• [Data to use]:
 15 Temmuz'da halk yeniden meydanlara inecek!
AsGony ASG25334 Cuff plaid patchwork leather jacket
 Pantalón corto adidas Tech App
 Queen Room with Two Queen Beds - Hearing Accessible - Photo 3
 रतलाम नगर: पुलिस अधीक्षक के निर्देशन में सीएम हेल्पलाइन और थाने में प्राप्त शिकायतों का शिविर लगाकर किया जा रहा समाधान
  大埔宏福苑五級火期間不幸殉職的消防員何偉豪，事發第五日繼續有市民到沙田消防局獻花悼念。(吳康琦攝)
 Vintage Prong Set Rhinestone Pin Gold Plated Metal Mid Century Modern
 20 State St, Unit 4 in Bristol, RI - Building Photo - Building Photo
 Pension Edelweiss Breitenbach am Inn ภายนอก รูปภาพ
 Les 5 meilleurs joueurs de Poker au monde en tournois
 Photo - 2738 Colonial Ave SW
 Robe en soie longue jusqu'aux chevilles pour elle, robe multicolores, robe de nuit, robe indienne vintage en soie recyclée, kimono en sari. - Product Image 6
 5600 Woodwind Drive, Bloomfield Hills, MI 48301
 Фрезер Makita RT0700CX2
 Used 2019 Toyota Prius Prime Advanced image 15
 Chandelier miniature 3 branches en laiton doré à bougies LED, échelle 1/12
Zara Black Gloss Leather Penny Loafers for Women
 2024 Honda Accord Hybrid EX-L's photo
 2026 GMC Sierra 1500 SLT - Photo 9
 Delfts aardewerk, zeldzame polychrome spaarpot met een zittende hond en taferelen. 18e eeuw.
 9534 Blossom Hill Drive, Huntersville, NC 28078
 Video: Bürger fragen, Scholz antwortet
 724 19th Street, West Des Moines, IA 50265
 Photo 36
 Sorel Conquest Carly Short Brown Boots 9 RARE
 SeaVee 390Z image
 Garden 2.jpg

• [Task to carry out]: Nothing should appear in the answer except the lines above from the line with "Фрезер Makita RT0700CX2" through the line with "Video: Bürger fragen, Scholz antwortet", both included, written out exactly.

• [Solution]:
 Фрезер Makita RT0700CX2
 Used 2019 Toyota Prius Prime Advanced image 15
 Chandelier miniature 3 branches en laiton doré à bougies LED, échelle 1/12
Zara Black Gloss Leather Penny Loafers for Women
 2024 Honda Accord Hybrid EX-L's photo
 2026 GMC Sierra 1500 SLT - Photo 9
 Delfts aardewerk, zeldzame polychrome spaarpot met een zittende hond en taferelen. 18e eeuw.
 9534 Blossom Hill Drive, Huntersville, NC 28078
 Video: Bürger fragen, Scholz antwortet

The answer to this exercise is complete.